- Instructions for the task
Please copy, exactly as they appear below, the lines from the one containing "Olive oil poured over halved grape tomatoes" through the one containing "May include: A fixed-blade".

[Short web captions]

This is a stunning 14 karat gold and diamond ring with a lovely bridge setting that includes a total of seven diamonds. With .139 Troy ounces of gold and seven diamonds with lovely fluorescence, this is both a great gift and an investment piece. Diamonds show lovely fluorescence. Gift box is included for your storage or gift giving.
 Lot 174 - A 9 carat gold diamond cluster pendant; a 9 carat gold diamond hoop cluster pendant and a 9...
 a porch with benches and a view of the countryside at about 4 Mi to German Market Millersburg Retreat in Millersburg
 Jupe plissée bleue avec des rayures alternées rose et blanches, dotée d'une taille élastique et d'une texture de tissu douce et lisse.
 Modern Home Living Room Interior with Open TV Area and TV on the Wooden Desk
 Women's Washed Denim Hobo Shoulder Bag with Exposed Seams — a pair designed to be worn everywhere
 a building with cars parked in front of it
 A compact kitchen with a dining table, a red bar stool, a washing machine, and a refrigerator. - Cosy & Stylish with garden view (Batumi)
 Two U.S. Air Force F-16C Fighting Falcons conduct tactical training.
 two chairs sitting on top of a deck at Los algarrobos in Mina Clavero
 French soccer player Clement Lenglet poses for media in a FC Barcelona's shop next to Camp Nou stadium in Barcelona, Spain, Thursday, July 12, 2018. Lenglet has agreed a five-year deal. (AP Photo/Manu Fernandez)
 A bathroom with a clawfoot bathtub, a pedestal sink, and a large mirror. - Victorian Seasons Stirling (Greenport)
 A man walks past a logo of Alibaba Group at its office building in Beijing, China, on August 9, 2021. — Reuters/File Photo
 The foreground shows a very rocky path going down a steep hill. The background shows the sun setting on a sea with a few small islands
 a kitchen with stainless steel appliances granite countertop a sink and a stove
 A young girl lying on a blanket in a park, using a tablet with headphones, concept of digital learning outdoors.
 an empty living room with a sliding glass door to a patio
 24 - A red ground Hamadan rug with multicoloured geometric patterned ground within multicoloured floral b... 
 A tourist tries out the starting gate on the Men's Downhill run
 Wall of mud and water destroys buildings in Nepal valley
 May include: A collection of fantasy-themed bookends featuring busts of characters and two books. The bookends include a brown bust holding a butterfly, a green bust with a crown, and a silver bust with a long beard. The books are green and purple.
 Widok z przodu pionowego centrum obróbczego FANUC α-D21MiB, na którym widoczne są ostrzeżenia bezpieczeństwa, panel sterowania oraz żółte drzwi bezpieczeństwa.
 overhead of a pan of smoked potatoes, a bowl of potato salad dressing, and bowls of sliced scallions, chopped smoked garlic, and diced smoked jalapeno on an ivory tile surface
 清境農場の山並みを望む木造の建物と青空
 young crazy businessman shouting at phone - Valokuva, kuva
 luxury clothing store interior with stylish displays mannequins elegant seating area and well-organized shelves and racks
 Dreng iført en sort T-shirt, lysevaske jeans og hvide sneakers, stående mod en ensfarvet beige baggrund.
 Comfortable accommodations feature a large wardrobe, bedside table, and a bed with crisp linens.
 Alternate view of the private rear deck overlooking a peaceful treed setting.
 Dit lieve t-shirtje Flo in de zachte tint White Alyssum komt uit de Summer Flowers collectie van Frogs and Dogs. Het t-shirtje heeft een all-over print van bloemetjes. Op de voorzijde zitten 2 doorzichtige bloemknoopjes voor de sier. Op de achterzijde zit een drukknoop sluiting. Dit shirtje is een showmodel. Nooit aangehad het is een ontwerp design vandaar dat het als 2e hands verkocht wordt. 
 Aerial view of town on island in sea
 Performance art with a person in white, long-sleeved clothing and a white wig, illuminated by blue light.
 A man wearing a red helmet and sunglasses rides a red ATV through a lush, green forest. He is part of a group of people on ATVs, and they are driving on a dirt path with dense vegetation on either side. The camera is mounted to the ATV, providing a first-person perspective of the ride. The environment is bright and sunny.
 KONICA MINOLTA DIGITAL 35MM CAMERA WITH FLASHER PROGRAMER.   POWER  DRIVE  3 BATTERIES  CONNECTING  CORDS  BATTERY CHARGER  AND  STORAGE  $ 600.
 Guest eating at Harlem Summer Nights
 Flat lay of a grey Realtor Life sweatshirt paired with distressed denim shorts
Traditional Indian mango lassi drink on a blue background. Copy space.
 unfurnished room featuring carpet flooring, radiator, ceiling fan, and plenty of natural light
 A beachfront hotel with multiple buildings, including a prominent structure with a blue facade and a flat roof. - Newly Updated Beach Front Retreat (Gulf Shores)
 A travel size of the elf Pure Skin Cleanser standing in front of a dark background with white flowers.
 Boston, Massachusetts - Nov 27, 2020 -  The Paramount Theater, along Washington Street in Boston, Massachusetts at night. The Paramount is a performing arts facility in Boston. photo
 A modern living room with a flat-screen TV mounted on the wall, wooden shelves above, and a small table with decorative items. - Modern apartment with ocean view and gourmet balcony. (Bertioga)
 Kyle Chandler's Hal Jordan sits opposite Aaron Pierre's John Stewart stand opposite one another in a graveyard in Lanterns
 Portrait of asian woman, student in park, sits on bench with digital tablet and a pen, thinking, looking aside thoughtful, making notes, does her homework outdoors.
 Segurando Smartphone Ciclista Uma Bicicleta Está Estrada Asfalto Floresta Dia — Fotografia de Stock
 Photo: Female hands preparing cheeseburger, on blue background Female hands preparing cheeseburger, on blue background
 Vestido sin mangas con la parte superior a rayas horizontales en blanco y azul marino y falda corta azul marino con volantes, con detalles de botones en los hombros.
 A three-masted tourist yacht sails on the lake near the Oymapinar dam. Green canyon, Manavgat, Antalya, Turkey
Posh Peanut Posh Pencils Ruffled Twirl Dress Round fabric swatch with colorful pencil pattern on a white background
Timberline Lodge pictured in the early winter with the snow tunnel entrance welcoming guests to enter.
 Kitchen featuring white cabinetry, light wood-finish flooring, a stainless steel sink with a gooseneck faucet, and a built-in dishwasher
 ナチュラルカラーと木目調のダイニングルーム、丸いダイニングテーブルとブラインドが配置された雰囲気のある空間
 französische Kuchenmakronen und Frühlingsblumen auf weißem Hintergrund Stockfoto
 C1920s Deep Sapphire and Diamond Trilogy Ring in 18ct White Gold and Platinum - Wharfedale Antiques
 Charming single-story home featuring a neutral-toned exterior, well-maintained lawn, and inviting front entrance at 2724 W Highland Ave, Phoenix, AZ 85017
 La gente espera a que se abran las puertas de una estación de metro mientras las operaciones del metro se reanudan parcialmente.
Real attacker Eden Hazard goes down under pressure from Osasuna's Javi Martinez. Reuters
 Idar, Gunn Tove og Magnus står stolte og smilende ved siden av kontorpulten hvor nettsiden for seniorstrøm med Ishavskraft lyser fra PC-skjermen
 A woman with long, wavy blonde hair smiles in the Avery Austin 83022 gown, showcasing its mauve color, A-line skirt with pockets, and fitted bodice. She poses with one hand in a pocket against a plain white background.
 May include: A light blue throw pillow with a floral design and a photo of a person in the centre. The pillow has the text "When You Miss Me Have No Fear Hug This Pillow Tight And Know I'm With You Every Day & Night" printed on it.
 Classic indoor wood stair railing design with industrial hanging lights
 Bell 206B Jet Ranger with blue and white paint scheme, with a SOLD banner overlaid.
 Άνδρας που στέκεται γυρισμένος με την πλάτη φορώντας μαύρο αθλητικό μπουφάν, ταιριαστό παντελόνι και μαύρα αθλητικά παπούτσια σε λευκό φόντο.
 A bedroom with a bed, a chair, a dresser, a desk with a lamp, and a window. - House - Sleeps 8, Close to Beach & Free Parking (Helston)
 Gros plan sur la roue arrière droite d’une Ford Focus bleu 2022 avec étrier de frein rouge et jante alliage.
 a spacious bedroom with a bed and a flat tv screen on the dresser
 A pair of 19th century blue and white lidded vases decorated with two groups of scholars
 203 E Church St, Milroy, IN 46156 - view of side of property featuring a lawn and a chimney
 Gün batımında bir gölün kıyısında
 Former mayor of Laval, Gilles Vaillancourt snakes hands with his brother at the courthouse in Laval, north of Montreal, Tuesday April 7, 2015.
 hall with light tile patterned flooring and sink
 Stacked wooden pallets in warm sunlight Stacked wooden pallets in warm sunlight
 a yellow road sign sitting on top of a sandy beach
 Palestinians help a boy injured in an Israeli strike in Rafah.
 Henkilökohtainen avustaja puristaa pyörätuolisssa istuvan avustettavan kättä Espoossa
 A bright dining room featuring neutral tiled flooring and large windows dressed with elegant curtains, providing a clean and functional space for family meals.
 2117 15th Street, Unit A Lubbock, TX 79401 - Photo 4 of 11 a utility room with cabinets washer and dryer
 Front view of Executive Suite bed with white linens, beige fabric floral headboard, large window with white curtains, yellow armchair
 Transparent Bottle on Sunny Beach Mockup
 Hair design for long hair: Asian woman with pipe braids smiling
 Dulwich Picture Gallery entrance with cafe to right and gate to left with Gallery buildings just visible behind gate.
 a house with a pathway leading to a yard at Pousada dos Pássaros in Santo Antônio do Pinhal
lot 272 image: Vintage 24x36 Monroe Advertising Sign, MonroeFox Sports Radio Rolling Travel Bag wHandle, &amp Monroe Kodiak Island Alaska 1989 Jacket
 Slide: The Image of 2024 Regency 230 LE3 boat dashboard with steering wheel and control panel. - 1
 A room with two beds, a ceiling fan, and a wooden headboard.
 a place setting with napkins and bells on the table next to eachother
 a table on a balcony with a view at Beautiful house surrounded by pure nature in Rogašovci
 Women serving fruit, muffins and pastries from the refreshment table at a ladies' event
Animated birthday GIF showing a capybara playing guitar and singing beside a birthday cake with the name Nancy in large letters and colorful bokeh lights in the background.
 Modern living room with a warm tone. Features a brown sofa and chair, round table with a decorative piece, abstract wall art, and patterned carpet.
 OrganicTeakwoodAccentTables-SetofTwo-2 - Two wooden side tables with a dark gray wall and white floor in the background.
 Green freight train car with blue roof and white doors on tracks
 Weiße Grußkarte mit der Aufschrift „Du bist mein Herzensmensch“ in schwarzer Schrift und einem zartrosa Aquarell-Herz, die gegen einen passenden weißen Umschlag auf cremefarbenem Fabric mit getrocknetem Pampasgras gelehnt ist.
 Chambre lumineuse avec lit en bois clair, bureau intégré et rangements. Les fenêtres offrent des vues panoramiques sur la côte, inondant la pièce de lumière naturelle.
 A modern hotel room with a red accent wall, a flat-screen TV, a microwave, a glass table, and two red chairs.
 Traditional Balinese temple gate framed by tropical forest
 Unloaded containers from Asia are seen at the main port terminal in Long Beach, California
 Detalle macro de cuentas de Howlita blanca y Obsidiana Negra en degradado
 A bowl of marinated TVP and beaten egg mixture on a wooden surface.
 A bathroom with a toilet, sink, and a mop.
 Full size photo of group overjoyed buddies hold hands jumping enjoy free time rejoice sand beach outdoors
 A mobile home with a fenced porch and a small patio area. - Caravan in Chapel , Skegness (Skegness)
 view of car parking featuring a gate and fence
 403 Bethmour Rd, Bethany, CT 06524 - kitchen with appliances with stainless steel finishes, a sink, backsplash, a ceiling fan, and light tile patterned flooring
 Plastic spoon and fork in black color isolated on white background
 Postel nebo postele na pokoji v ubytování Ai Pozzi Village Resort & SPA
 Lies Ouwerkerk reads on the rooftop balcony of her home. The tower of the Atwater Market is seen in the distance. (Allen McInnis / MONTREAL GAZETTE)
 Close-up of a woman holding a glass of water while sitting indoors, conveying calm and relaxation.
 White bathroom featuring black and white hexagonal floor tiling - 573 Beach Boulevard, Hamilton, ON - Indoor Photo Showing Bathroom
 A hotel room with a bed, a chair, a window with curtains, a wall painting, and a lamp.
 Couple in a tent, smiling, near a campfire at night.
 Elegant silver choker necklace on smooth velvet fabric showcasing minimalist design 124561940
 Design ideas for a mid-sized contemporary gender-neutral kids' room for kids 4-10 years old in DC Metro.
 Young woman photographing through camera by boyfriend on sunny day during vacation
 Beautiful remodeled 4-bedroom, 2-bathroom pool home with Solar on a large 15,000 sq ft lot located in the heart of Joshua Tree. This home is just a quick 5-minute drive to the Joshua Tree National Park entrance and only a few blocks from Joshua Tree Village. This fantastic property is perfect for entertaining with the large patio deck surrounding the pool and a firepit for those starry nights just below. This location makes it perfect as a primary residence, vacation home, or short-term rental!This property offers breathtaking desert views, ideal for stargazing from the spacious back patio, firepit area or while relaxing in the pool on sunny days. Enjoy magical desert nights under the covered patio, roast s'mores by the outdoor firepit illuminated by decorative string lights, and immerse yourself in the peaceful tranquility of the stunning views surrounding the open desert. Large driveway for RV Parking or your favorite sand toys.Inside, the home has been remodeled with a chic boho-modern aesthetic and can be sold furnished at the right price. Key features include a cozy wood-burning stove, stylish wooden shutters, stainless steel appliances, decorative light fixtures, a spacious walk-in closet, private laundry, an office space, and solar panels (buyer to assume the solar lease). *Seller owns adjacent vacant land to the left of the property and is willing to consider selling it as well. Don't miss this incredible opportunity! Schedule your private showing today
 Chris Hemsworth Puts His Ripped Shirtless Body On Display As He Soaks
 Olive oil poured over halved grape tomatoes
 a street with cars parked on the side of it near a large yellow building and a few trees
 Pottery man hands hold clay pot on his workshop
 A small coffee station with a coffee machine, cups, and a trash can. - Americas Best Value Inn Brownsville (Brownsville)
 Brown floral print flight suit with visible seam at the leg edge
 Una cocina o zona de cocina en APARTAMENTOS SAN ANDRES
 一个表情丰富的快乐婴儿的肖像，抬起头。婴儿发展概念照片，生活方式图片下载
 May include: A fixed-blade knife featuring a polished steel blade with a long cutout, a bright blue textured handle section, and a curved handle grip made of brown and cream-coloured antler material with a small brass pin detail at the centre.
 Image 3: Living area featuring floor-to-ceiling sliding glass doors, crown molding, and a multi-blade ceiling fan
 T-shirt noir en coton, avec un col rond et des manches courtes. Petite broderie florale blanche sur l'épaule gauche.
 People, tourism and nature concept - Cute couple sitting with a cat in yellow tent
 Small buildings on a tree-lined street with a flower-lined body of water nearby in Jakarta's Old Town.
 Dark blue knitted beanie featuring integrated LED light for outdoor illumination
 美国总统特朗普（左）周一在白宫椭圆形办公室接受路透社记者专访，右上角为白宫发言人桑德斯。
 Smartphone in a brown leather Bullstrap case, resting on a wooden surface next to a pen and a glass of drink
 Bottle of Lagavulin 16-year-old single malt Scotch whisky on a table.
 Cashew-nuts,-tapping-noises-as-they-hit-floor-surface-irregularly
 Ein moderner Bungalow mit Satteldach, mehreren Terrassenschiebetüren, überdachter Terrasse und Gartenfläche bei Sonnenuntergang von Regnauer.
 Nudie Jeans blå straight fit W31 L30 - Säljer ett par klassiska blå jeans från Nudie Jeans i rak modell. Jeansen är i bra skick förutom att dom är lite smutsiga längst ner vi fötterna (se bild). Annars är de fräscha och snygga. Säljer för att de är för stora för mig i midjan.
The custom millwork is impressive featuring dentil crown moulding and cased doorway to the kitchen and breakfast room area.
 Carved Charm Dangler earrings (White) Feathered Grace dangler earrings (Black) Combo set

- Task solution
 Olive oil poured over halved grape tomatoes
 a street with cars parked on the side of it near a large yellow building and a few trees
 Pottery man hands hold clay pot on his workshop
 A small coffee station with a coffee machine, cups, and a trash can. - Americas Best Value Inn Brownsville (Brownsville)
 Brown floral print flight suit with visible seam at the leg edge
 Una cocina o zona de cocina en APARTAMENTOS SAN ANDRES
 一个表情丰富的快乐婴儿的肖像，抬起头。婴儿发展概念照片，生活方式图片下载
 May include: A fixed-blade knife featuring a polished steel blade with a long cutout, a bright blue textured handle section, and a curved handle grip made of brown and cream-coloured antler material with a small brass pin detail at the centre.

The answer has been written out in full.